От Кибирова до Пушкина — страница 67 из 147

[976].

Эти и другие художественные дефиниции соотносят с реальными лицами готовый типаж, часто взятый из литературы.

Вслед за Кузминым портретированием современников занялся тот, кто был им назван сплетницей-модисткой. Безусловно, у Георгия Иванова перед глазами были и другие образцы письма à clef, ибо Серебряный век был богат на них, однако эта статья сосредоточится лишь на «последствиях» «Портрета с последствиями».

2. «Петербургские зимы» Г. Иванова: Ахматова через призму Кузмина

Влияние Кузмина на Г. Иванова доэмигрантского периода обычно рассматривается как приведшее последнего к созданию собственной манеры письма. При этом каналом преемственности называется не только «из поэзии в поэзию»[977], но и «из прозы одного — в поэзию другого»[978], а выход Г. Иванова из-под влияния датируется 1916 годом[979]. Если общее положение, о влиянии Кузмина, представляется бесспорным, то два частных нуждаются в уточнении. Их способен внести интертекстуальный анализ «Акробатов» (1917, опубл. 1917) Г. Иванова. Этот рассказ демонстрирует, во-первых, наличие еще одного канала преемственности, «из прозы в прозу», а конец влияния продлевает по крайней мере до 1917 года. «Акробаты» представляют интерес еще и тем, что перекликаются с «Портретом с последствиями», ибо в них также фигурирует Фанни. «Портрет с последствиями» Г. Иванов должен был знать, ибо пристально следил за творчеством своего учителя и старшего товарища, а кроме того, был постоянным автором журнала «Лукоморье» — места первой публикации рассказа.

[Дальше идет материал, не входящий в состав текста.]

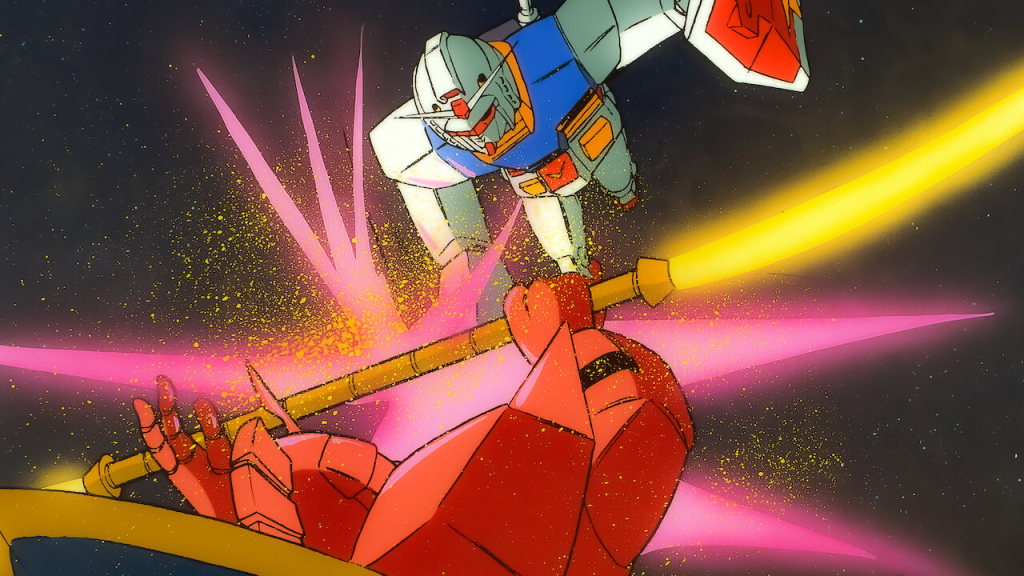 Amuro Ray piloting the RX-78-2 Gundam in Mobile Suit Gundam III.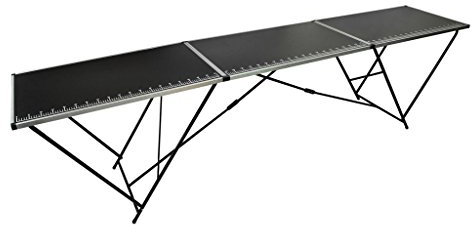 heybb Folding Pasting Table MDF and Aluminium 300x60x78 cm,Heavy Duty Folding Table for Catering Camping Table Trestle for BBQ Picnic Party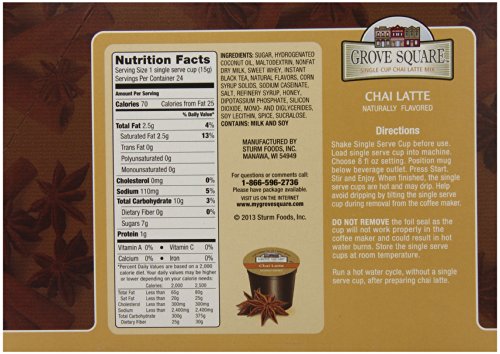 Grove Square Tea, Chai Latte, 24 Single Serve Cups by Caza Trail
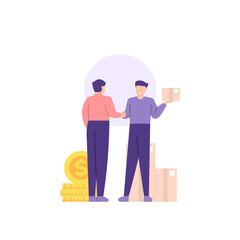Fototapeta na wymiar distributor and reseller concept, pay on the spot, cash on delivery. illustration of buyers and sellers conducting buying and selling transactions of goods. flat cartoon style. vector design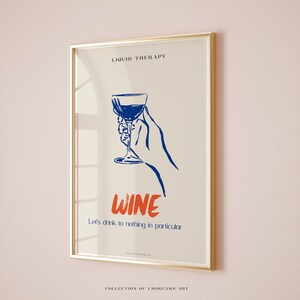 Wine Poster, Wine Print, Wine Therapy, Bar Cart Decor, Bar Cart Print, Bar Cart Art,  Drinks Print, Alcohol Prints, Wine Lover Gift Wine Art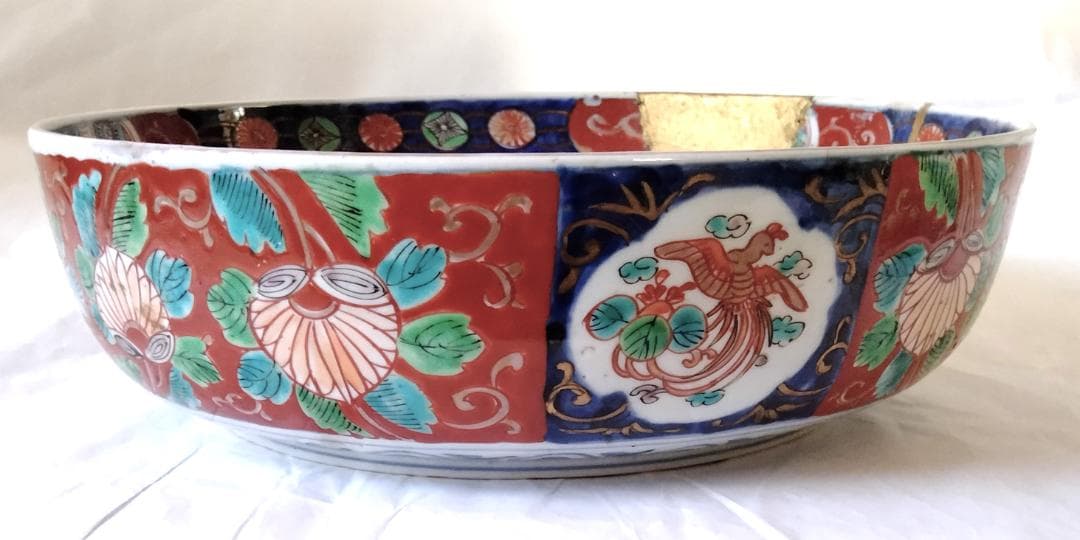 陶器 大深鉢(大) 荒波に獅子・牡丹・鳳凰 色絵 二重鉢揃い Ab-318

Историей двух юношей, не достигших призывного возраста, в тайне ото всех пробирающихся на фронт, но задержанных по дороге, «Акробаты» восходят к «военному рассказу» Кузмина «Пять путешественников» (опубл. 1915).

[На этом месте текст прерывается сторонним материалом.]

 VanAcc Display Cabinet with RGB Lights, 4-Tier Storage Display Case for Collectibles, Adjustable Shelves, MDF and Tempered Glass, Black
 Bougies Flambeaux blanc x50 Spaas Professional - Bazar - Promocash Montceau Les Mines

Двое самых энтузиастичных гимназистов доезжают до действующей армии, воюют, и портрет одного из них даже попадает на страницы «Петроградской газеты», а трое их менее решительных товарищей, напротив, попадаются жандармам, и те препровождают их в Петроград к родителям[980].

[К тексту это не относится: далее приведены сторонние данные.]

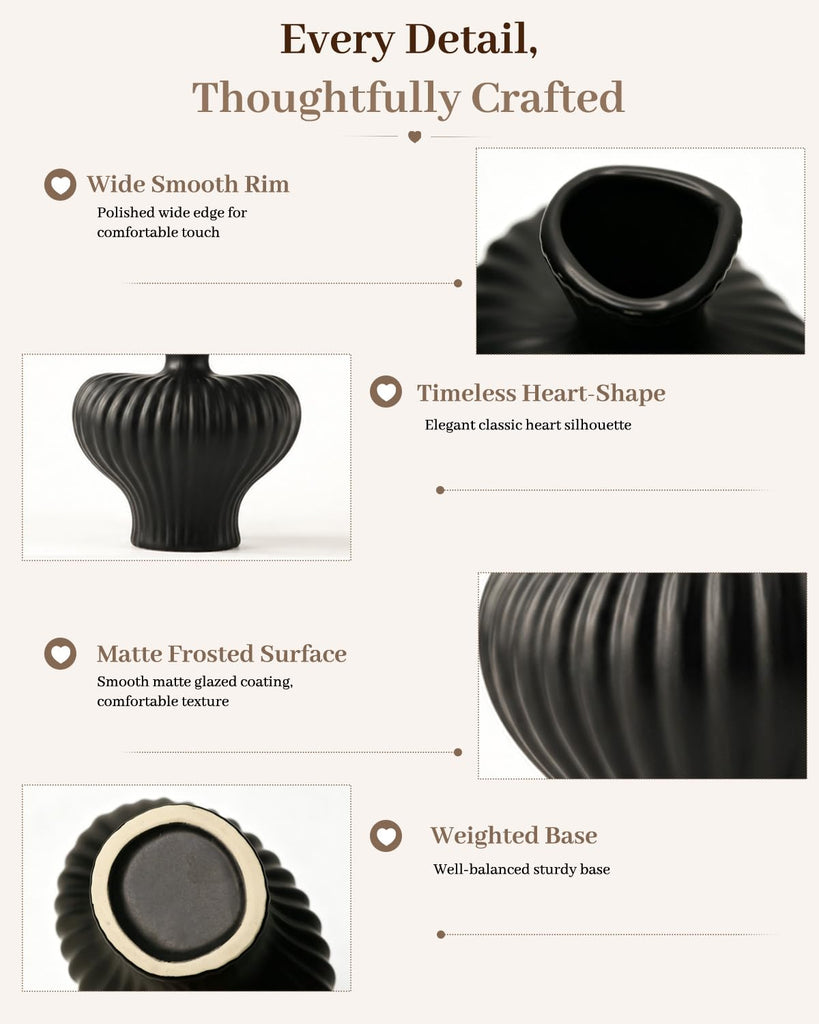 Heart Shaped Vase with Artificial Branch Set, 1 pcs Artificial Stem in Black Ceramic Vase, 22" Fake Plants &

В эту канву Г. Иванов, по стопам автора «Портрета с последствиями», встраивает цирковой диалог Гумилева и Ахматовой[981]. В «Акробатах» две строки из ахматовского «Меня покинул в новолунье…» — «Как мой китайский зонтик красен, / Натерты мелом башмачки!» — процитированы в эпиграфе. Непосредственно же в повествовании действует акробатка Фанни.

Кузминский слой не ограничивается Фанни и красным зонтиком, ибо в «Акробатах» история юношей соединена с историей старожила провинциального городка, приобретая узнаваемо-кузминские гомосексуальные повороты.

Александр Матвеевич Лукьянов, житель Бобровки, на цирковом представлении очарован акробаткой Фанни и ищет с ней встречи. Ему объясняют, что Фанни — замужем, но что за 25 рублей он может навестить ее в отсутствие ее мужа, тоже акробата, Джона О’Гратэна, при условии целомудренного поведения. Во время свидания, за дополнительные 25 рублей, Фанни разрешает Лукьянову поцеловать ручку. Когда Лукьянов становится перед ней на колени, в комнату врываются милиционеры, разыскивающие «учеников Киевского реального училища Ивана Павлова и Алексея Сокольницкого, бежавших на театр военных действий» (II: 198)[982]. Ими и оказываются Фанни и О’Гратэн. История получает огласку в «Справедливых Известиях», и Лукьянов, ставший посмешищем Бобровки, спешит ее покинуть.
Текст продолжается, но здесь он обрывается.